Or, the 'c' way would be to say :
while(value)
your choice
We can store the results of reversing all possible 1 byte sequences in an array (256 distinct entries), then use a combination of lookups into this table and some oring logic to get the reverse of integer.

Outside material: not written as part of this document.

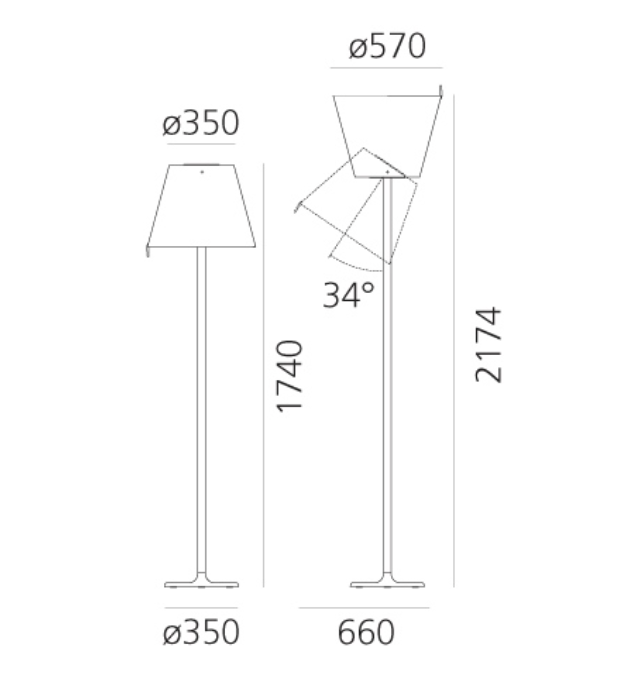 Melampo Reading Floor Lamp, Bronze with Ecru Silk Shade, E27, IP20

Here is a variation and correction to TK's solution which might be clearer than the solutions by sundar. It takes single bits from t and pushes them into return_val:
typedef unsigned long TYPE;
#define TYPE_BITS sizeof(TYPE)*8
TYPE reverser(TYPE t)
{
unsigned int i;
TYPE return_val = 0
for(i = 0; i < TYPE_BITS; i++)
{/*foreach bit in TYPE*/
/* shift the value of return_val to the left and add the rightmost bit from t */
return_val = (return_val << 1) + (t & 1);
/* shift off the rightmost bit of t */
t = t >> 1;
}
return(return_val);
}
The generic approach hat would work for objects of any type of any size would be to reverse the of bytes of the object, and the reverse the order of bits in each byte. In this case the bit-level algorithm is tied to a concrete number of bits (a byte), while the "variable" logic (with regard to size) is lifted to the level of whole bytes.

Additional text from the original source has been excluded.